The conversation included input from Walker, State Superintendent Tony Evers, and Assembly Education Committee Chairman Steve Kestell and touched on topics from standardized testing in the classroom to teacher preparation within the UW System.
The group almost unanimously agreed that stronger reading coursework is needed for prospective teachers in college, and that the basic science behind comprehension and literacy is an element that needs a stronger presence amongst teachers. A greater background in reading and a statewide “road map” to teaching literacy in the younger grades are elements that would help teachers feel more like experts and strengthen their intervention on student learning in the classroom, panelists said.
Understanding which students need intervention at an early age – and which students need advanced coursework – was the next topic in line. Panelists discussed the screening measures they had used in the state, and many eschewed the state-mandated Wisconsin Knowledge and Concepts Examination (WKCE) for more descriptive tests. The WKCE, one reading specialist argued, told teachers little about their students, and by the time the results were out, they were already winding down the school year and saying goodbye.
DPI is in the midst of a drawn out process to replace the WKCE, something policy makers have been discussing since at least 2005.
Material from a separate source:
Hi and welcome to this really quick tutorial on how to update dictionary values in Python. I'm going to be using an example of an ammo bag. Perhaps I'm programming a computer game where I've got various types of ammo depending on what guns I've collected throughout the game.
Other testing measures, such as DIBELS (Dynamic Indicators of Basic Early Literacy Skills), PALS (Phonological Awareness Literacy Screening), and Running Records were discussed at length as strong supplemental tools for better understanding a student’s abilities. While no consensus was reached on what measures were the best for all teachers, everyone on the task force was able to agree that teachers need better and more consistent tools to assess their students.
The recurring theme of the meeting was finding a way to create a stronger class of teacher in Wisconsin to raise up all students. More vigorous literacy programs for teachers at the university level is one step, and a better, more responsive track for student analysis is another that will go far in identifying struggling children and get them the help they need to succeed. The Read to Lead Task Force preached for consistency and responsiveness to drive reading plans across the state’s classrooms. With monthly meetings pushing an agenda of education reform closer to reality, how much of this they can impart in public schools will be an ongoing storyline in the Badger State.